Multilingual XML addon not segmenting after full stops.

Hello, 

I am new to Trados Studio and am not familiar with all of the intricacies of the software yet, so chances are I am missing something obvious, but I am trying to solve an issue where an XML file with embedded content and CDATA sections does not apply segmentation after each full stop. 

I am having to use the Multilingual XML addon due to how the translation targets are set up in the XML file. So the file type is determined by that. 

Is there a way I can add segmentation rules to this filetype or in general, which would allow for the sentences to be segmented after each complete sentence, or full stop? 

Here is what the file looks like in Trados and a section of the XML.

 

<MODULEMAPPING><![CDATA[]]></MODULEMAPPING>
<PAGEMAPPING><![CDATA[]]></PAGEMAPPING>
<TEXT><![CDATA[<span class="dki-text-style-bold" id="yui-gen1289">What is sustainability?</span>]]></TEXT>
<TRANSLATION><![CDATA[]]></TRANSLATION>
<TYPE><![CDATA[elementMeta]]></TYPE>
</CONTENT>
<CONTENT CF_TYPE='query'>
<COURSEMAPPING><![CDATA[]]></COURSEMAPPING>
<ELEMENTMAPPING><![CDATA[Content]]></ELEMENTMAPPING>
<ID><![CDATA[72310]]></ID>
<LASTMODIFIED><![CDATA[]]></LASTMODIFIED>
<LEARNINGOBJECTMAPPING><![CDATA[]]></LEARNINGOBJECTMAPPING>
<MODULEMAPPING><![CDATA[]]></MODULEMAPPING>
<PAGEMAPPING><![CDATA[]]></PAGEMAPPING>
<TEXT><![CDATA[Sustainability focuses on meeting the needs of the present without compromising the ability of future generations to meet their own needs (Brundtland Report, 1987).<br /><br />To be sustainable, businesses must consider environmental, social and economic impacts in the long-term when making business decisions, rather than only focusing on short-term gains.

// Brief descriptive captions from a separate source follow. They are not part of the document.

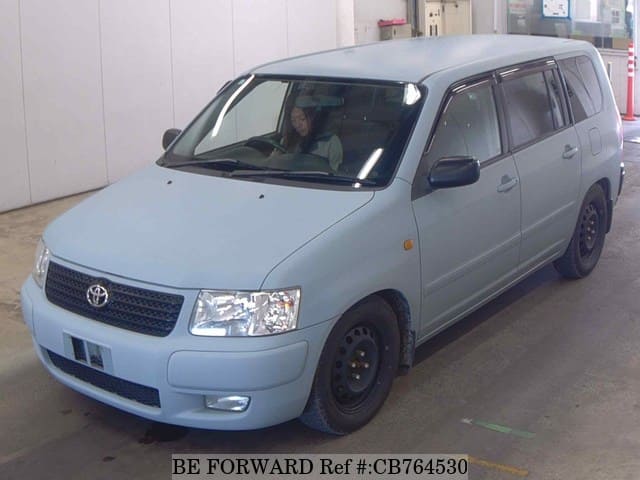 A grey JDM sports car speeding down a highway at night.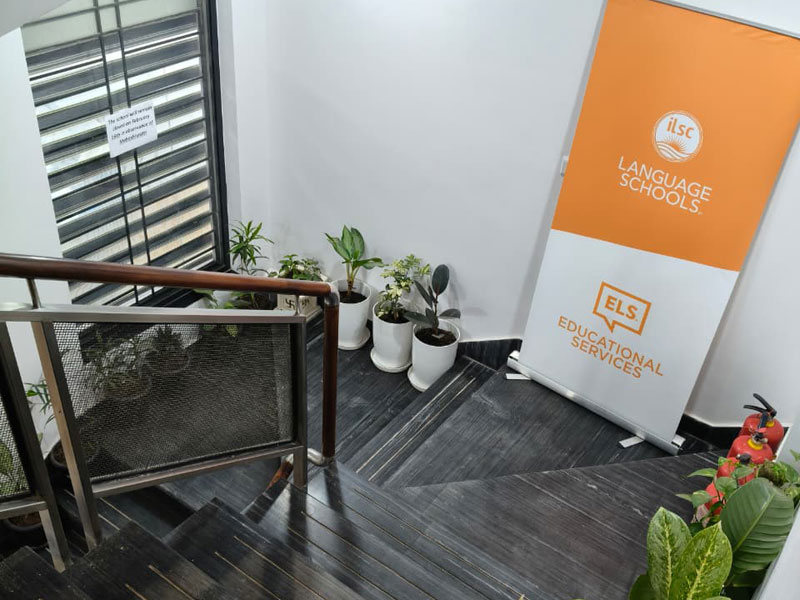 Escalier intérieur de l’école ILSC à New Delhi avec plantes et panneau d’information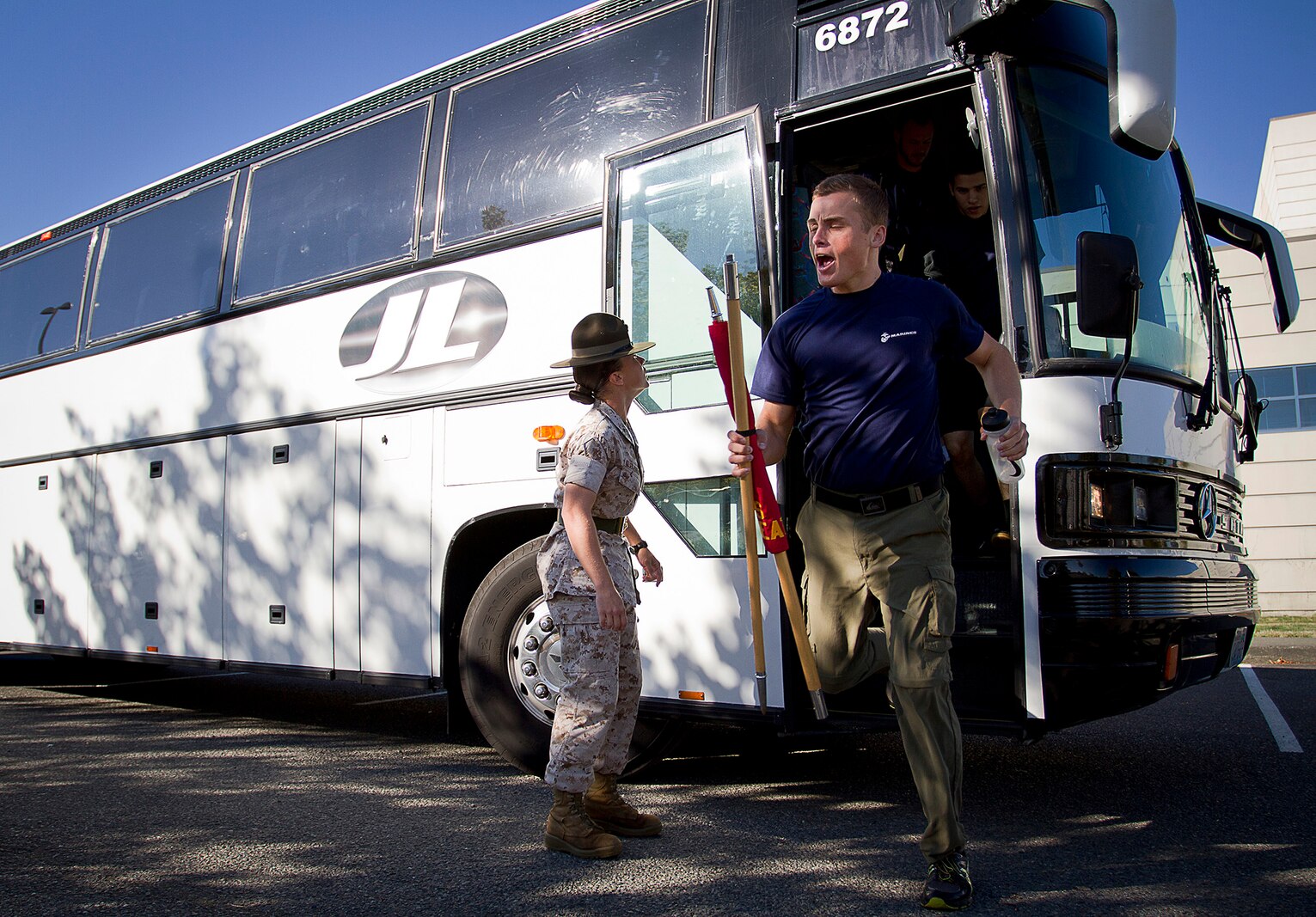Sgt. Tiffany Nielsen-Nowakowski, a drill instructor with 4th Recruit Training Battalion, Marine Corps Recruit Depot Parris Island, S.C., motivates Philip Samoylovich, a poolee from Recruiting Substation Burlington, to exit a bus during Recruiting Station Seattle’s annual west side pool function at Foster High School in Tukwila, Wash., Sept. 13, 2014. During the event, Washington-based recruiters teamed with drill instructors to physically and mentally prepare enlistees for boot camp. The enlistees, part of the Marine Corps delayed entry program, are awaiting their ship dates. Nielsen-Nowakowski, 26, is from Ferris, Texas. Samoylovich, 20, is from Bellingham, Wash., and attended Ferndale High School in Ferndale, Wash. He was recruited by Sgt. Justin McKelvey and lost 116 lbs. to enlist in the Marine Corps. (U.S. Marine Corps photo by Sgt. Reece Lodder)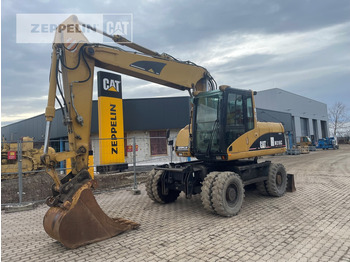 Riteņu ekskavators CATERPILLAR M316C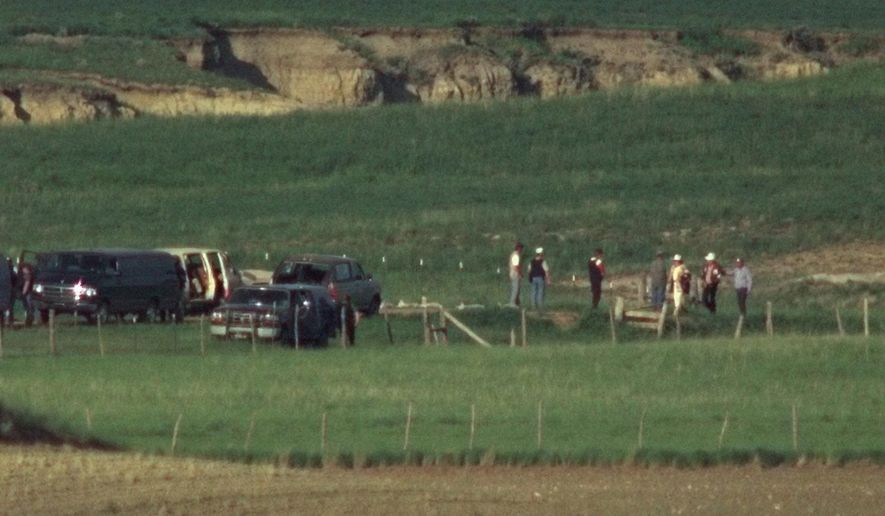 FILE - In this June 13, 1996, file photo, members of the Freemen group surrender to FBI agents at the negotiation site on the Freeman compound outside Jordan, Mont. A member of the anti-government Montana Freemen who took part in the extremist group's 81-day armed standoff with FBI agents has died in prison. Federal officials say Russell Dean Landers, 69, died Saturday, April 10, 2021, while in custody at the Federal Correctional Institution at Terre Haute, Ind. (AP Photo/Michael S. Green, File)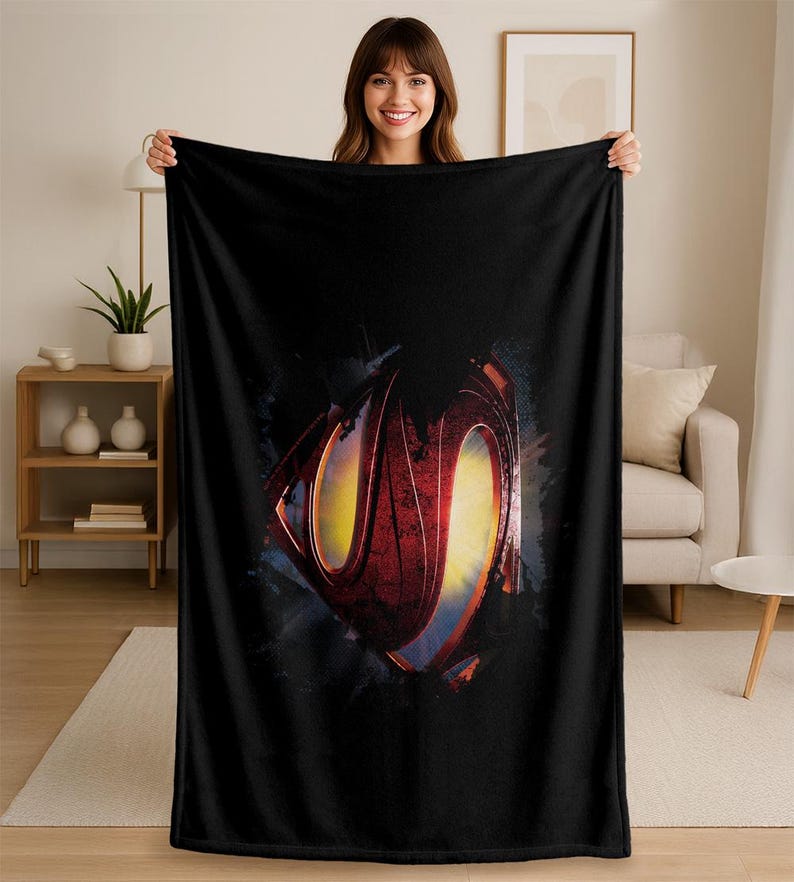 Puede incluir: Manta de forro polar negra con el logotipo de Superman desgastado en rojo, amarillo y azul. La manta est&aacute; sostenida por una persona, mostrando su tama&ntilde;o y dise&ntilde;o. Un art&iacute;culo de decoraci&oacute;n del hogar acogedor.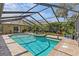 Inviting screened-in pool and spa with brick patio and lush landscaping create a private oasis at 2136 Pinnacle N Cir, Palm Harbor, FL 34684
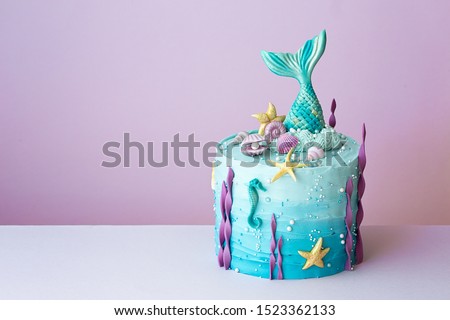 Mermaid birthday cake on a purple background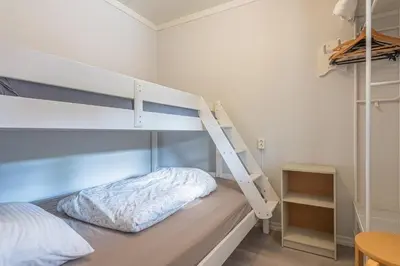 a bedroom with a bunk bed with a ladder at Sotra Rorbusenter in Kåravika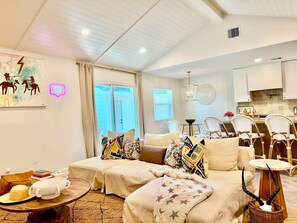 Ein modernes Wohnzimmer mit Sofa, Sesseln, einem Esstisch und einer Küchenzeile.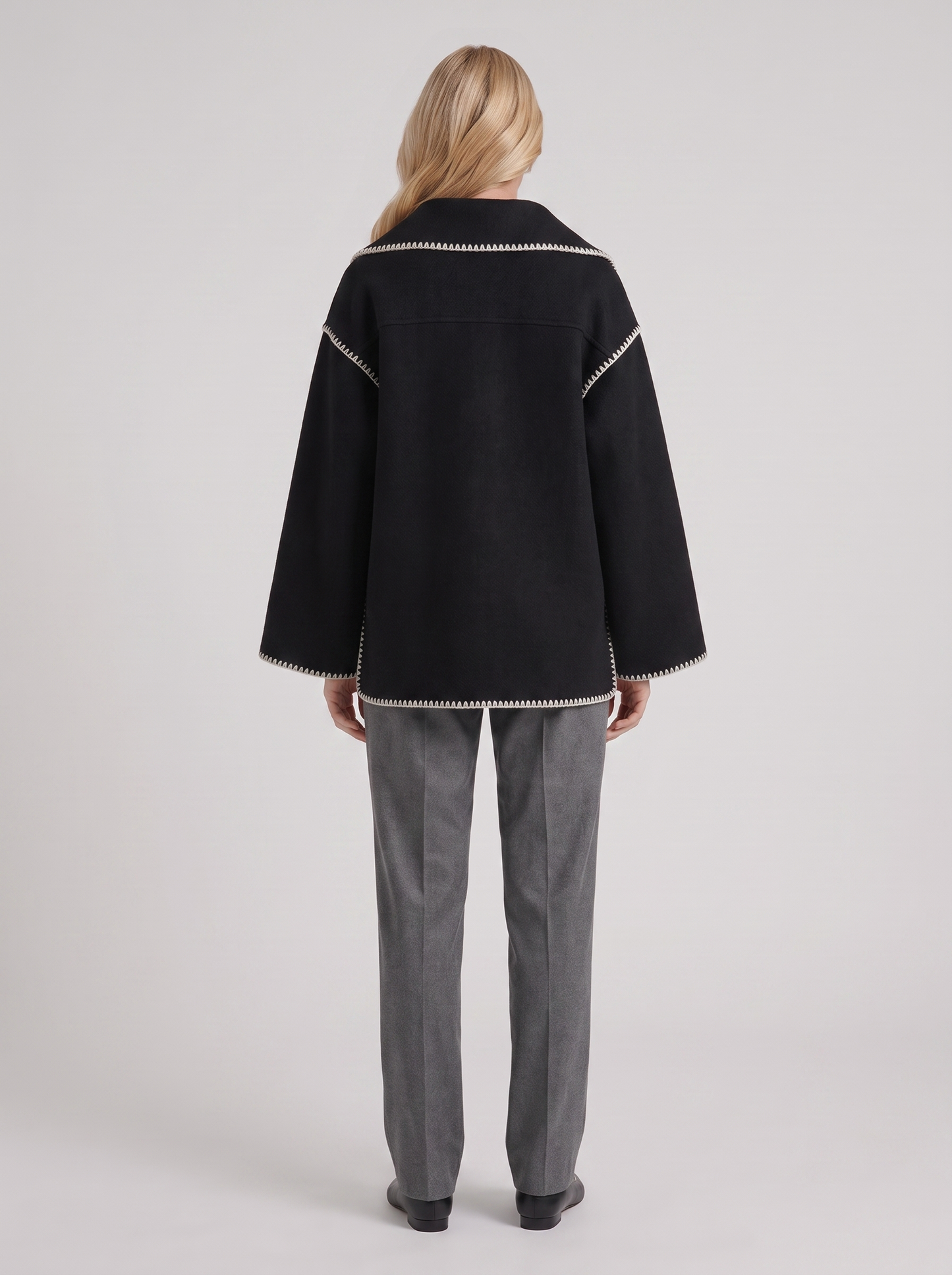 Women dark gray wool blend coat with attached fringed scarf and blanket stitch edges, back view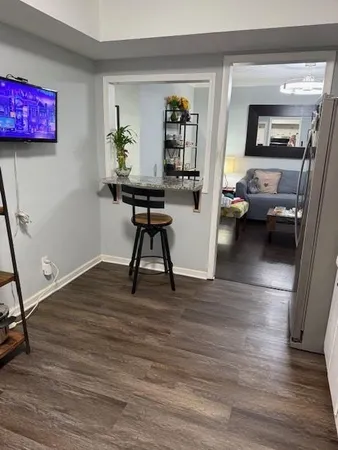 a view of a livingroom with furniture and wooden floor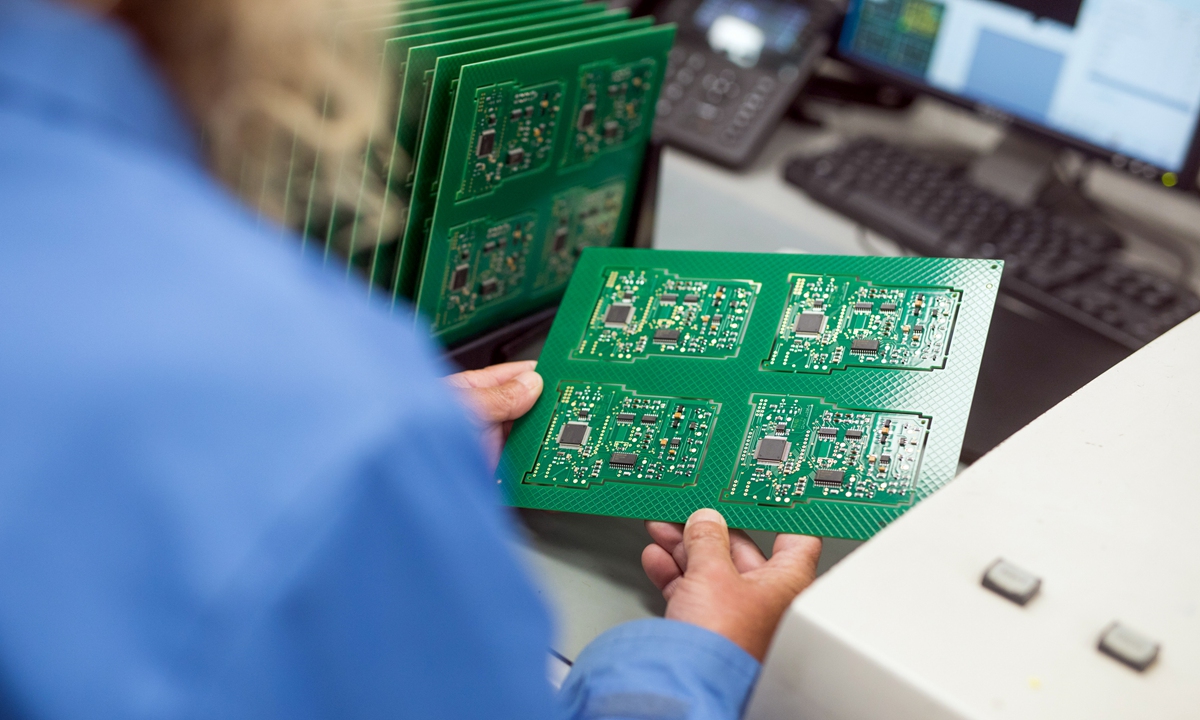 An employee checks a printed circuit board containing integrated circuit microchips at CSI Electronic Manufacturing Services Ltd. in Witham, the UK, on April 28, 2021. Photo: VCG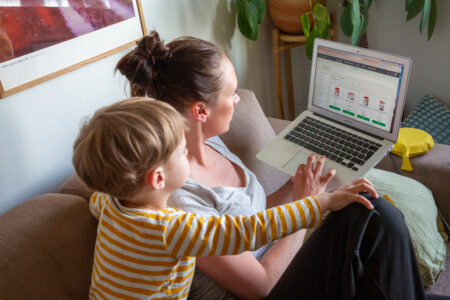 Kvinna och barn tittar på datorskärm.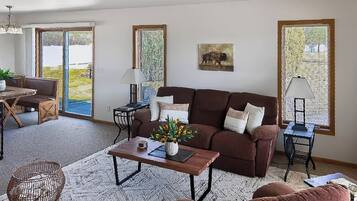 A living room with a sofa, coffee table, and a dining area with a table and chairs.
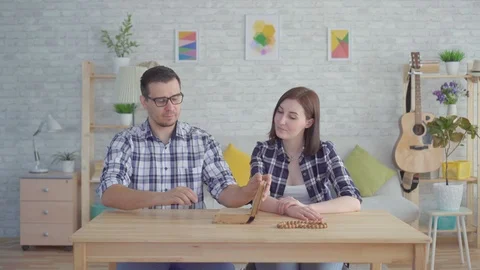 Young couple reading and studying a book in a modern apartment Stock Footage 108559417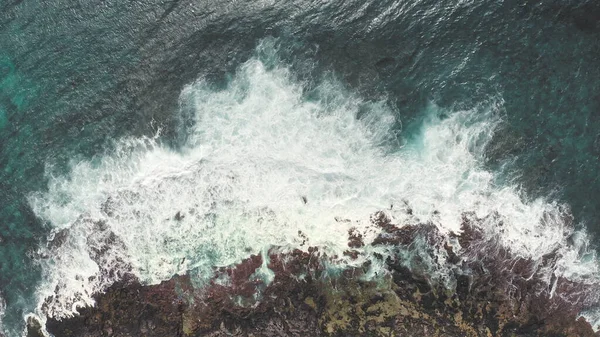 ドローンからの空中撮影。岩だらけの海の海岸の上からの眺め。太平洋の青い波は、岩の上で砕けていっています。白い海の泡。熱帯島の火山ビーチ｜オアフ島ハワイ. — ストック写真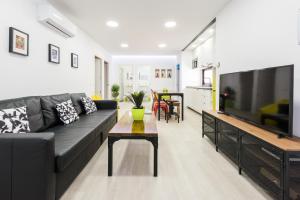 sala de estar con sofá negro y TV en Ever House - ALCALA BRISA Gran TERRAZA ROOFTOP en Madrid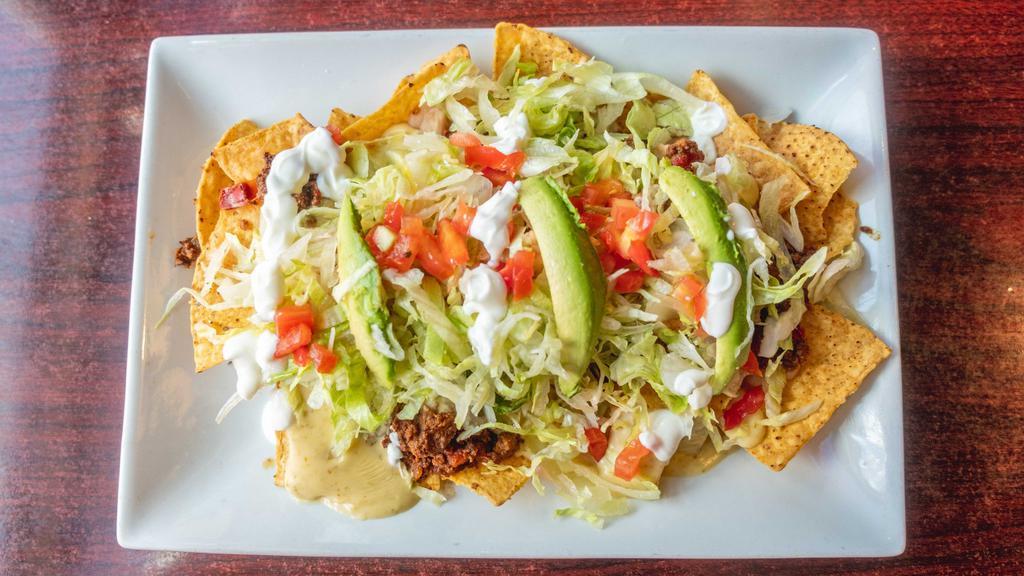 Nachos Supreme · Tortilla chips, topped with beans, ground beef, cheese dip, tomatoes, lettuce, sour cream and avocado. Add meat for an additional charge.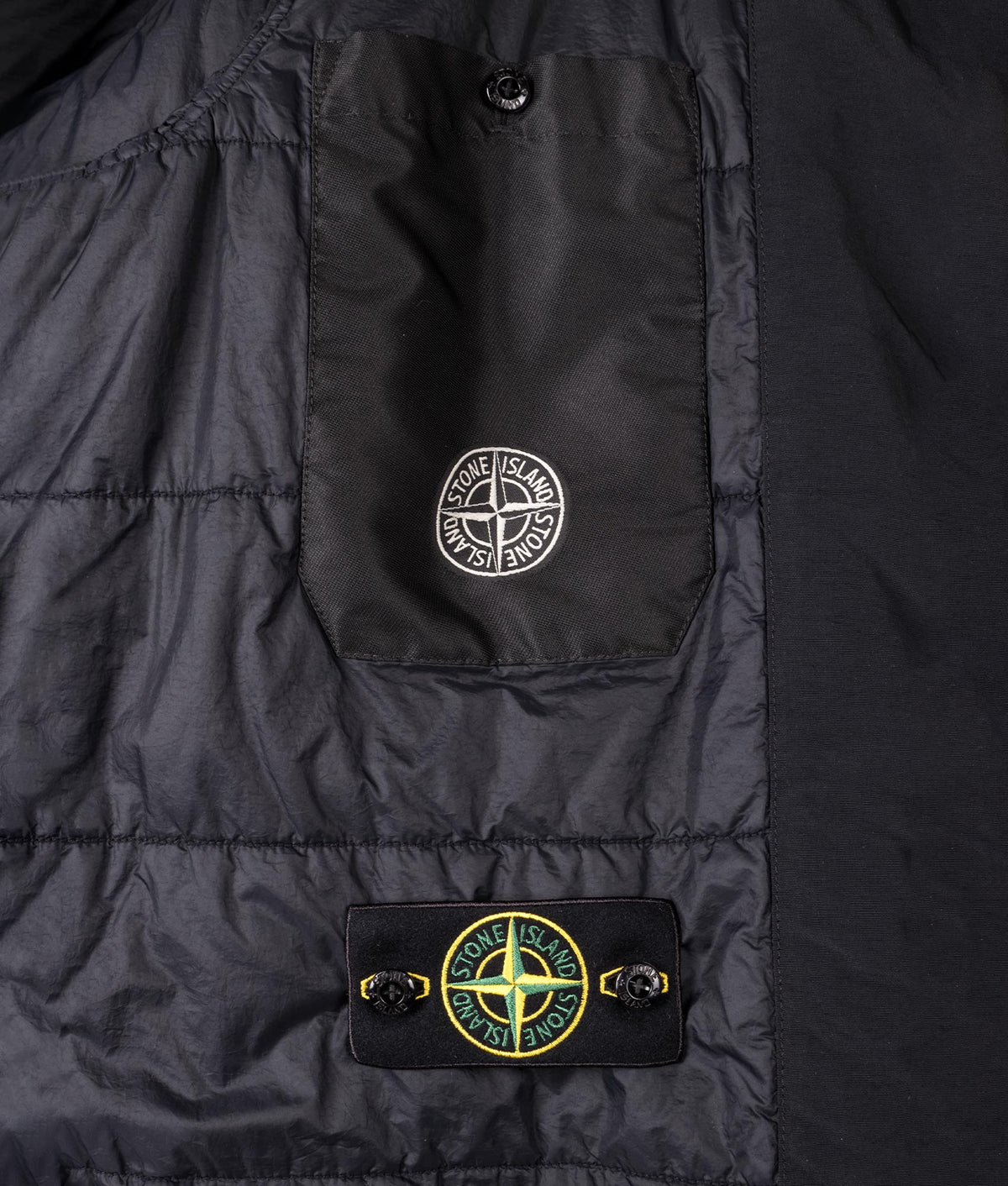 Stone Island Crinkle Reps NY Jacket in Black at EQVVS Menswear. Internal badge and sleeve badge stash buttons.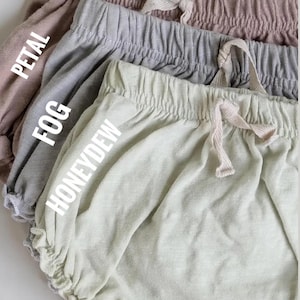 May include: Close-up of four pairs of baby bloomers in Petal, Fog, and Honeydew colours. Each pair has a drawstring waistband and ruffled leg openings. The text "Petal", "Fog", and "Honeydew" are printed on the bloomers.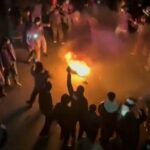 Iran warns of targeting U.S. bases amid ongoing protests and rising death toll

This involves thinking more holistically beyond immediate considerations of profit and loss.<br /><br />Sustainability requires us to manage environmental, social and economic risks and opportunities for long-term value creation, securing business longevity and building ongoing business success. It is at the core of our business operations, our purpose and our strategy for growth.<br /><br />A focus on sustainability enhances the reputation of our brand with our customers, investors and in our local communities and ensures our business continues to be resilient in the face of global megatrends, such as climate change and resource scarcity.]]></TEXT>
<TRANSLATION><![CDATA[]]></TRANSLATION>
<TYPE><![CDATA[elementMeta]]></TYPE>
</CONTENT>
<CONTENT CF_TYPE='query'>
<COURSEMAPPING><![CDATA[]]></COURSEMAPPING>
<ELEMENTMAPPING><![CDATA[Content]]></ELEMENTMAPPING>
<ID><![CDATA[72302]]></ID>
<LASTMODIFIED><![CDATA[]]></LASTMODIFIED>
<LEARNINGOBJECTMAPPING><![CDATA[]]></LEARNINGOBJECTMAPPING>

If more information is needed to help with this, please let me know which and I'll try to provide that. 

Thank you.



Moved the sample code into a code box.
[edited by: Paul at 1:25 PM (GMT 0) on 24 Jan 2022]
emoji
  • I am still unable to determine how to resolve this issue, I've checked the translation memory and the default full stop rule is in place. I've even tried adding an additional one to segment for anything before and after a full stop but with no luck. Any help on this would be appreciated. 

    emoji
  • I'm afraid this is not possible at the moment. Normal segmentation rules applied inside the CDATA section, using the APIs, is a problem we are still trying to solve for this app.  We'll update you as soon as we have something sensible updated.

    Perhaps it's worth using the out of the box XML filetype for your file.  I don't see anything in the sample you provided that would make me not use it.

    I am having to use the Multilingual XML addon due to how the translation targets are set up in the XML file.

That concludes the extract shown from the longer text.